Records shown:
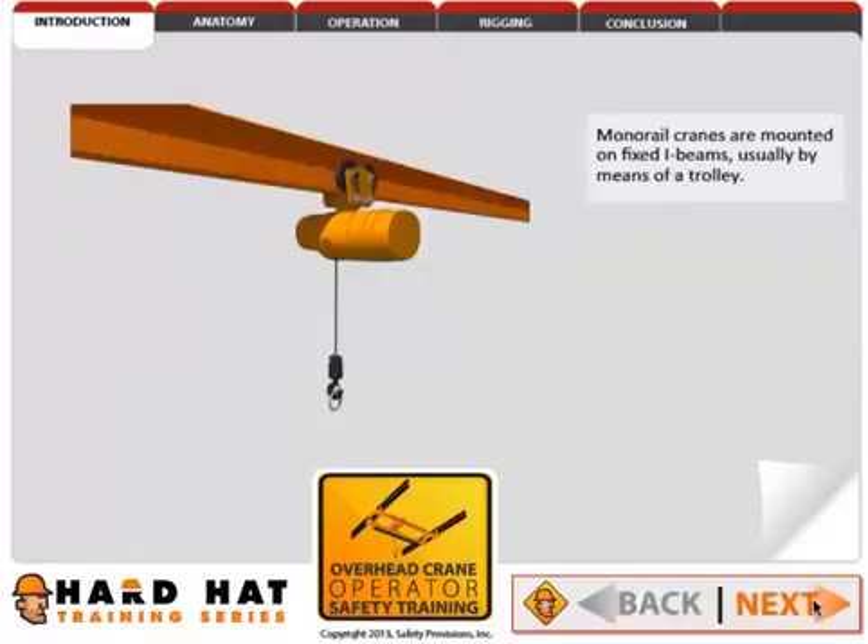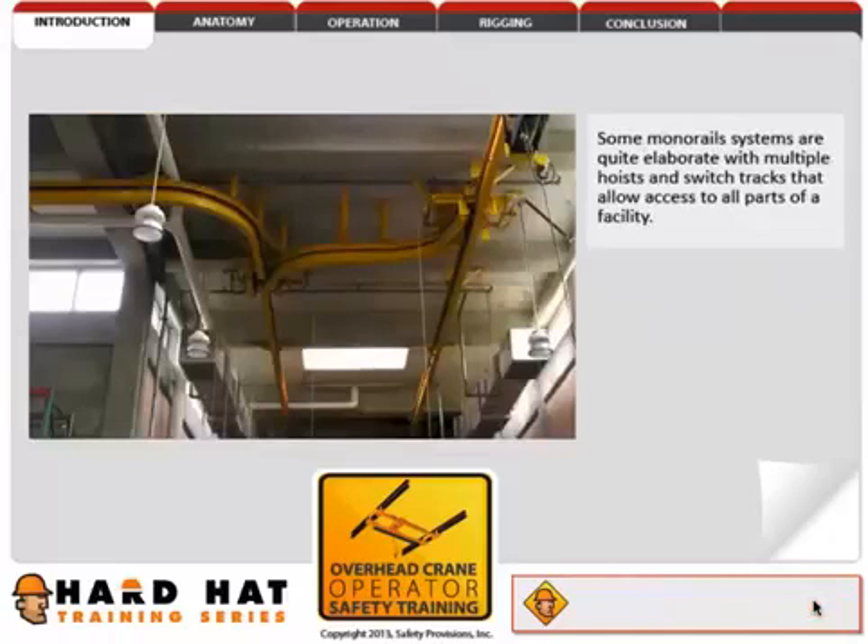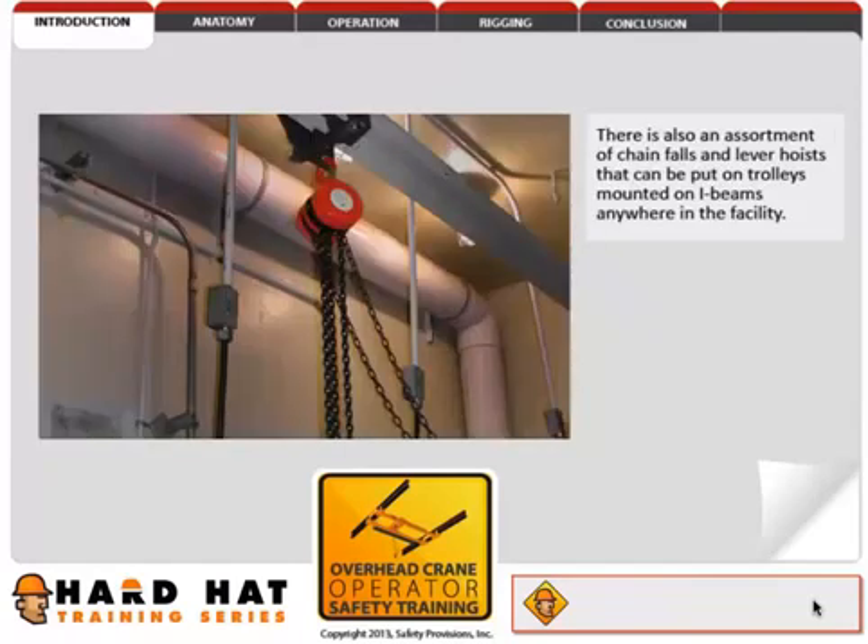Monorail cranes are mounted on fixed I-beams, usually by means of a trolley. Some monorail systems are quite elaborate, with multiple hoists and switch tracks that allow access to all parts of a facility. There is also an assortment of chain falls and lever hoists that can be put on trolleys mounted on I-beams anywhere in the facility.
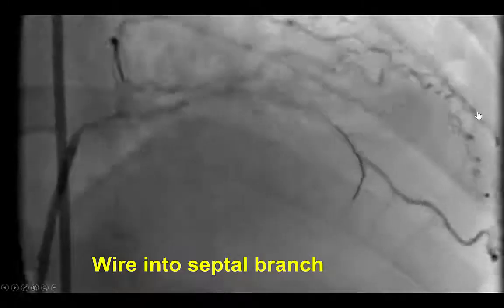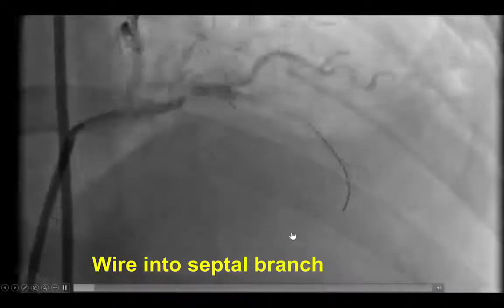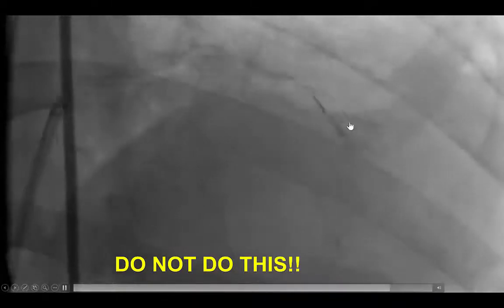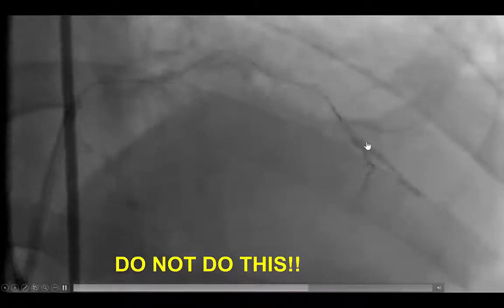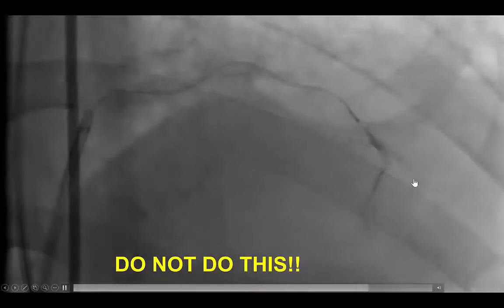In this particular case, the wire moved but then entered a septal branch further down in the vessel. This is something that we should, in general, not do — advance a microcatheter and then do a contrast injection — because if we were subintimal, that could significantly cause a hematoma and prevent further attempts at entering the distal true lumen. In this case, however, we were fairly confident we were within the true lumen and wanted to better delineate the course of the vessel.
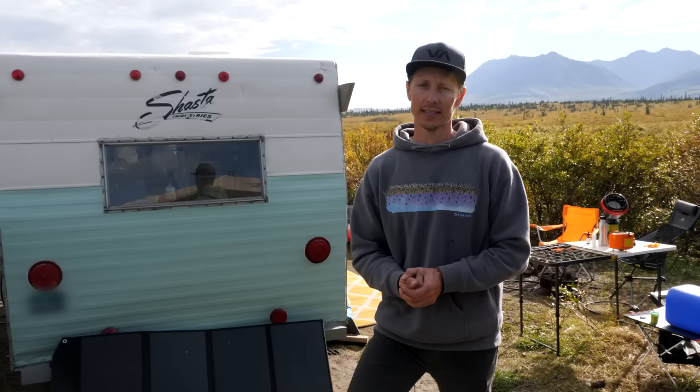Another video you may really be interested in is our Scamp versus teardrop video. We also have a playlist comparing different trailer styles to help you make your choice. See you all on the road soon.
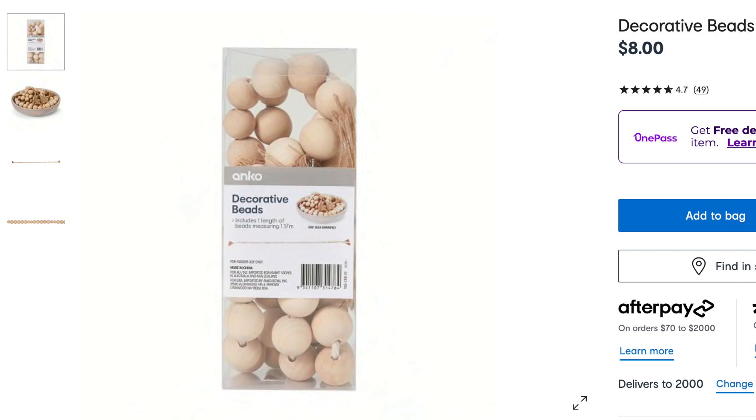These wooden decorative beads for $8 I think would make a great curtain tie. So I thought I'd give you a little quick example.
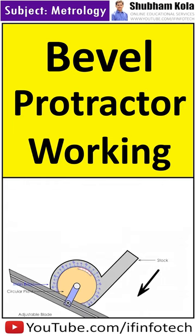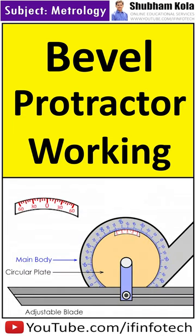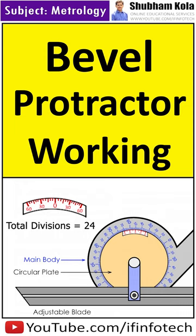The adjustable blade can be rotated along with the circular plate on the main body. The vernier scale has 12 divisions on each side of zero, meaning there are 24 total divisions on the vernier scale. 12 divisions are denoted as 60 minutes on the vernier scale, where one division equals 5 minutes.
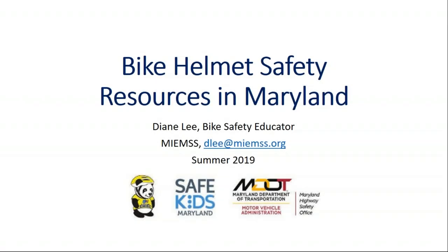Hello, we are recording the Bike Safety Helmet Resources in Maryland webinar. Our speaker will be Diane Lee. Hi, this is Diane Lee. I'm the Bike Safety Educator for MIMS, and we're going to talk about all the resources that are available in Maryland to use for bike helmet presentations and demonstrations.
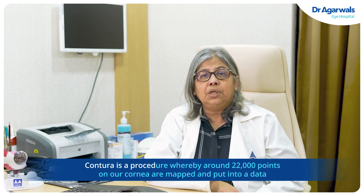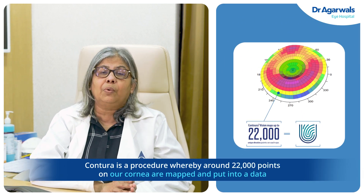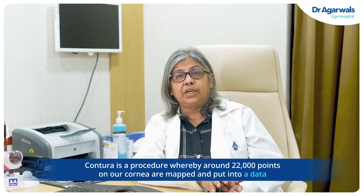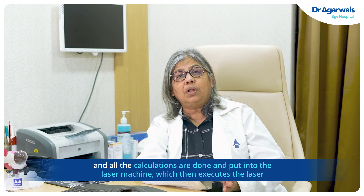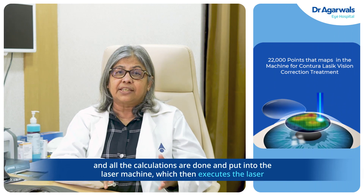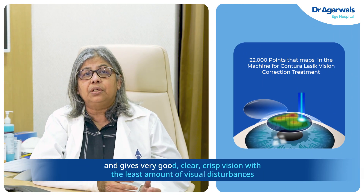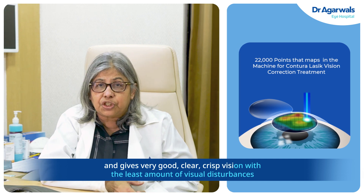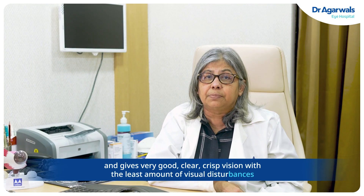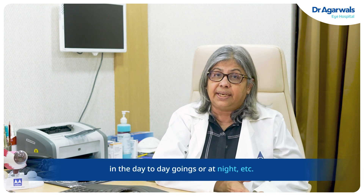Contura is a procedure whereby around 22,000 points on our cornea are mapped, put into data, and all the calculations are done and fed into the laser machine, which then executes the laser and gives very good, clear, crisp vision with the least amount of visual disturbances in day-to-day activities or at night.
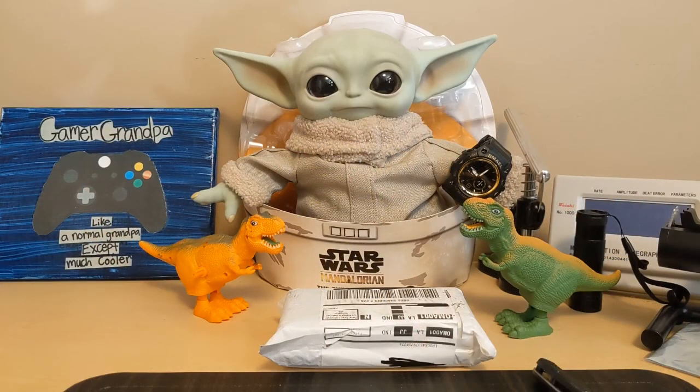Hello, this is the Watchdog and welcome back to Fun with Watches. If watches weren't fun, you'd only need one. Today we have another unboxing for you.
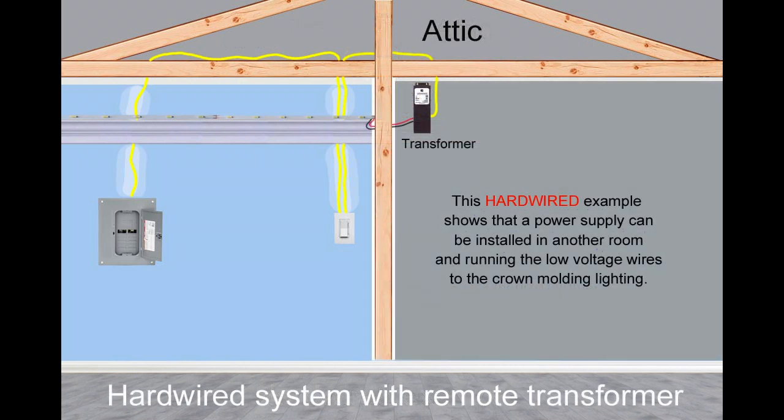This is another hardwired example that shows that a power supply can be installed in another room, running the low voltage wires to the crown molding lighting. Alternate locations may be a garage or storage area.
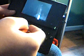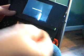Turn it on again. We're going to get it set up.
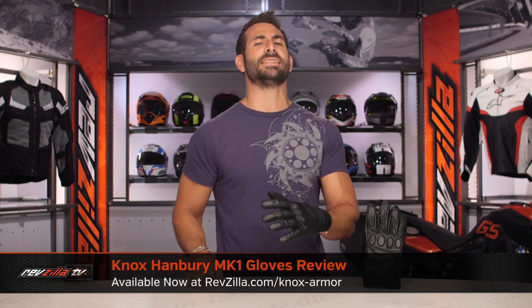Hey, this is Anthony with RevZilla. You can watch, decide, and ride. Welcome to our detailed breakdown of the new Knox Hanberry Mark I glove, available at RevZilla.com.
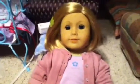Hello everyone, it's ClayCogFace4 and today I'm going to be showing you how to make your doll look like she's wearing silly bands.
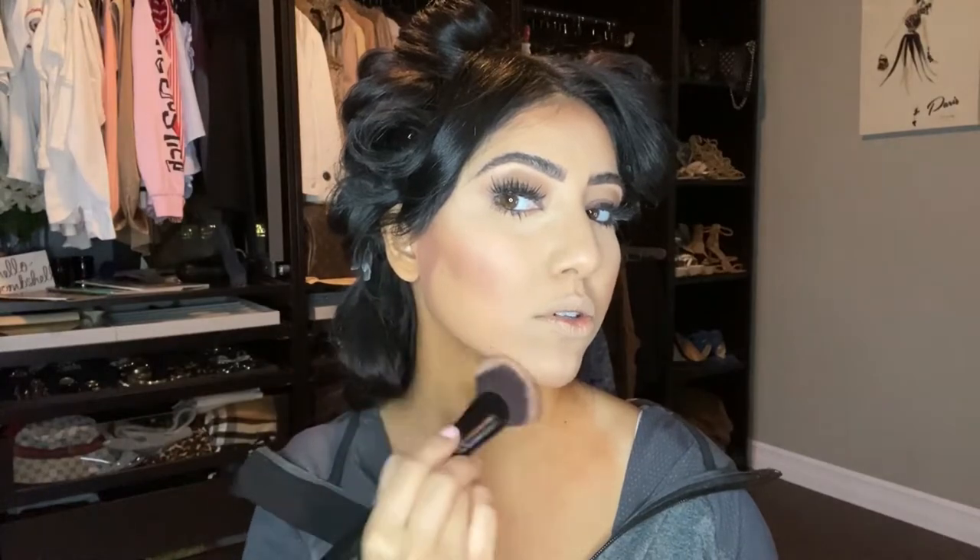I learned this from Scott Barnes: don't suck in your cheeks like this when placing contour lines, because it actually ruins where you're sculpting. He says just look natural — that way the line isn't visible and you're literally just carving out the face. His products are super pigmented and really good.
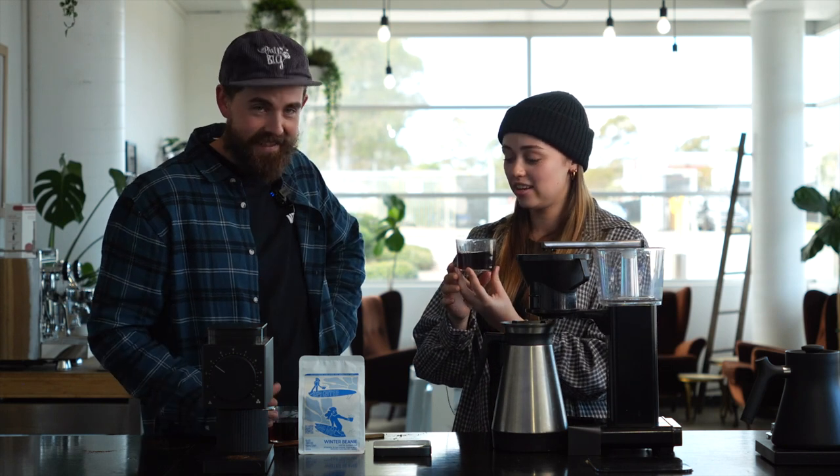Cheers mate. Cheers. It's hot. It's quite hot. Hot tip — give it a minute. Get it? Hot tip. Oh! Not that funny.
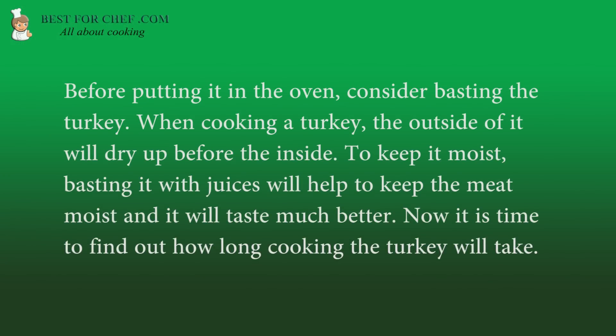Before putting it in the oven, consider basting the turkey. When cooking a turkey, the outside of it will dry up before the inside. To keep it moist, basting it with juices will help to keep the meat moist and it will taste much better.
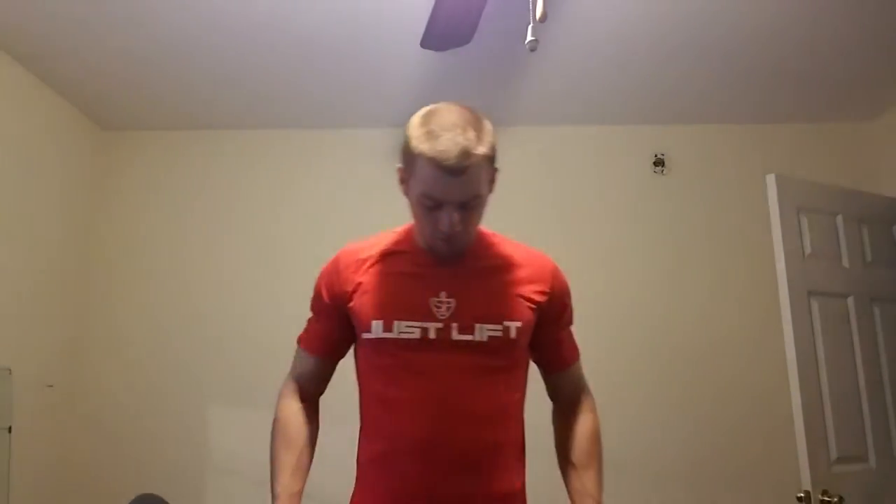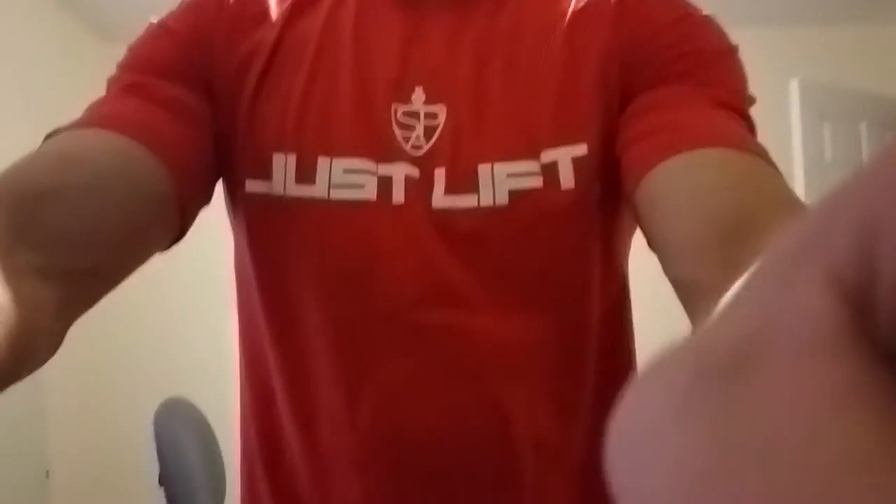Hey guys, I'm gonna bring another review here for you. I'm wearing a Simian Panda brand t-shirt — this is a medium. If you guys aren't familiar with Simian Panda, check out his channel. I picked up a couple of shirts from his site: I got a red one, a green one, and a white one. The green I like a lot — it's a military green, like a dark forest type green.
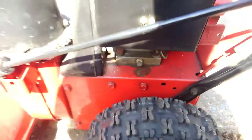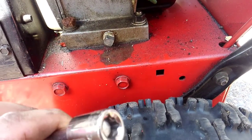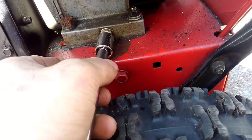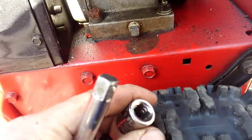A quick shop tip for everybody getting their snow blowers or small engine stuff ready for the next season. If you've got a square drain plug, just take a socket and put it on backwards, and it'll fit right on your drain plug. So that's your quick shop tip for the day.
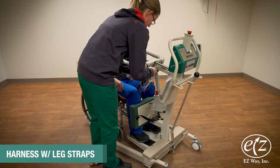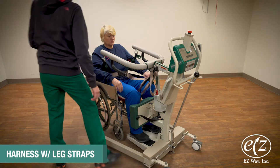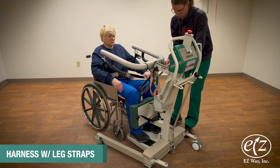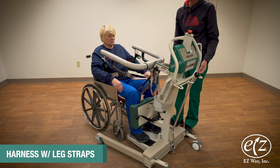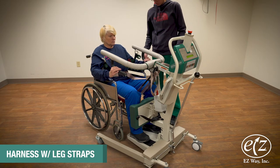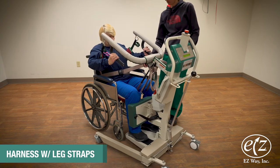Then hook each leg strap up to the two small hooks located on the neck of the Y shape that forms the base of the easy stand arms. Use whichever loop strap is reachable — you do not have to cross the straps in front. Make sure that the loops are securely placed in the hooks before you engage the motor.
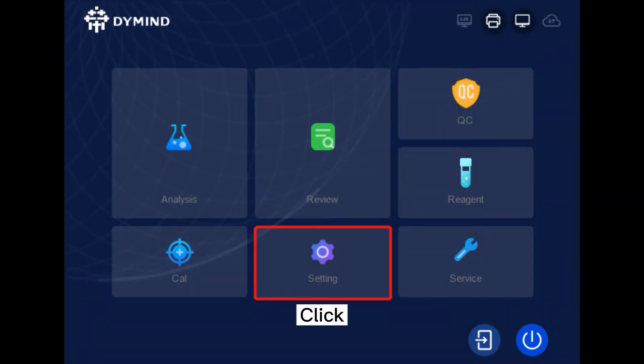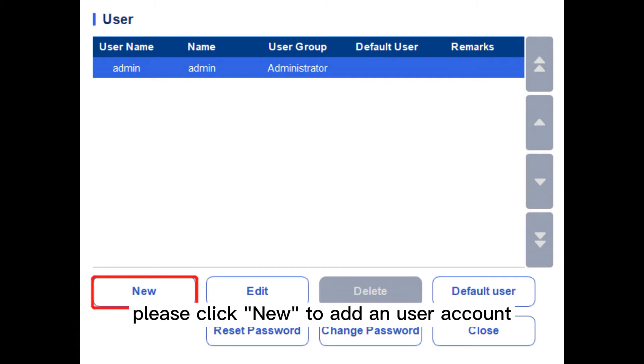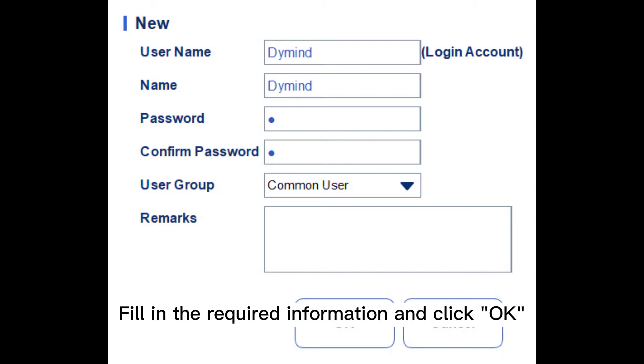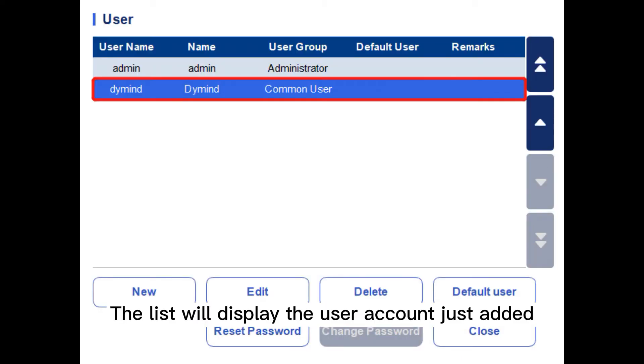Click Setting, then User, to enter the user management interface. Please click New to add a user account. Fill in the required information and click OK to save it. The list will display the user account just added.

To do: Only the pictures are to be dropped; the rest of the material above must be duplicated exactly.

Answer section:
Monorail cranes are mounted on fixed I-beams, usually by means of a trolley. Some monorail systems are quite elaborate, with multiple hoists and switch tracks that allow access to all parts of a facility. There is also an assortment of chain falls and lever hoists that can be put on trolleys mounted on I-beams anywhere in the facility.
In this particular case, the wire moved but then entered a septal branch further down in the vessel. This is something that we should, in general, not do — advance a microcatheter and then do a contrast injection — because if we were subintimal, that could significantly cause a hematoma and prevent further attempts at entering the distal true lumen. In this case, however, we were fairly confident we were within the true lumen and wanted to better delineate the course of the vessel.
Another video you may really be interested in is our Scamp versus teardrop video. We also have a playlist comparing different trailer styles to help you make your choice. See you all on the road soon.
These wooden decorative beads for $8 I think would make a great curtain tie. So I thought I'd give you a little quick example.
The adjustable blade can be rotated along with the circular plate on the main body. The vernier scale has 12 divisions on each side of zero, meaning there are 24 total divisions on the vernier scale. 12 divisions are denoted as 60 minutes on the vernier scale, where one division equals 5 minutes.
Hello, we are recording the Bike Safety Helmet Resources in Maryland webinar. Our speaker will be Diane Lee. Hi, this is Diane Lee. I'm the Bike Safety Educator for MIMS, and we're going to talk about all the resources that are available in Maryland to use for bike helmet presentations and demonstrations.
Contura is a procedure whereby around 22,000 points on our cornea are mapped, put into data, and all the calculations are done and fed into the laser machine, which then executes the laser and gives very good, clear, crisp vision with the least amount of visual disturbances in day-to-day activities or at night.
Hello, this is the Watchdog and welcome back to Fun with Watches. If watches weren't fun, you'd only need one. Today we have another unboxing for you.
This is another hardwired example that shows that a power supply can be installed in another room, running the low voltage wires to the crown molding lighting. Alternate locations may be a garage or storage area.
Turn it on again. We're going to get it set up.
Hey, this is Anthony with RevZilla. You can watch, decide, and ride. Welcome to our detailed breakdown of the new Knox Hanberry Mark I glove, available at RevZilla.com.
Hello everyone, it's ClayCogFace4 and today I'm going to be showing you how to make your doll look like she's wearing silly bands.
I learned this from Scott Barnes: don't suck in your cheeks like this when placing contour lines, because it actually ruins where you're sculpting. He says just look natural — that way the line isn't visible and you're literally just carving out the face. His products are super pigmented and really good.
Cheers mate. Cheers. It's hot. It's quite hot. Hot tip — give it a minute. Get it? Hot tip. Oh! Not that funny.
Before putting it in the oven, consider basting the turkey. When cooking a turkey, the outside of it will dry up before the inside. To keep it moist, basting it with juices will help to keep the meat moist and it will taste much better.
Hey guys, I'm gonna bring another review here for you. I'm wearing a Simian Panda brand t-shirt — this is a medium. If you guys aren't familiar with Simian Panda, check out his channel. I picked up a couple of shirts from his site: I got a red one, a green one, and a white one. The green I like a lot — it's a military green, like a dark forest type green.
A quick shop tip for everybody getting their snow blowers or small engine stuff ready for the next season. If you've got a square drain plug, just take a socket and put it on backwards, and it'll fit right on your drain plug. So that's your quick shop tip for the day.
Then hook each leg strap up to the two small hooks located on the neck of the Y shape that forms the base of the easy stand arms. Use whichever loop strap is reachable — you do not have to cross the straps in front. Make sure that the loops are securely placed in the hooks before you engage the motor.
Click Setting, then User, to enter the user management interface. Please click New to add a user account. Fill in the required information and click OK to save it. The list will display the user account just added.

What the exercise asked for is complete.